Well-being of mental health workers during the Russian-Ukrainian War





well-being, mental health, war, epidemiology, mental health professionals


Introduction: While the detrimental impact of the Russian-Ukrainian War on mental health of Ukrainian population has been well-documented, less attention has been given to mental health workers (MHWs) providing mental health support services amid the war.

Purpose: To examine levels of domain-specific well-being in Ukrainian MHWs; identify and quantify the relative importance of factors associated with well-being; and examine interactions of risk and protective factors in relation to each well-being domain.

Methodology: A convenience sample of 178 MHWs completed a survey that assessed their well-being, and sociodemographic, war-related, mental health, and psychosocial characteristics.

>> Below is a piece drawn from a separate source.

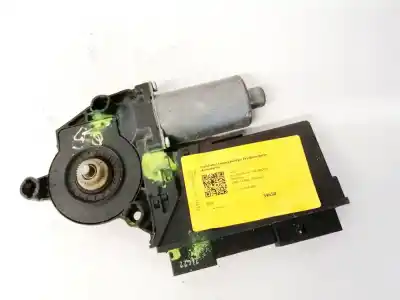 Second-hand car spare part left front window motor for audi a4 b6 avant (8e5) 2.5 tdi quattro oem iam references 0130821765  5wk47004fbf, 105842-108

Results:  Lower levels of mental health difficulties such as anxiety and posttraumatic stress symptoms, and higher levels of psychosocial factors such as higher optimism, gratitude, and presence and search for meaning were associated with higher well-being. MHWs with high levels of protective psychosocial factors were more likely to report higher well-being even in the presence of mental health difficulties.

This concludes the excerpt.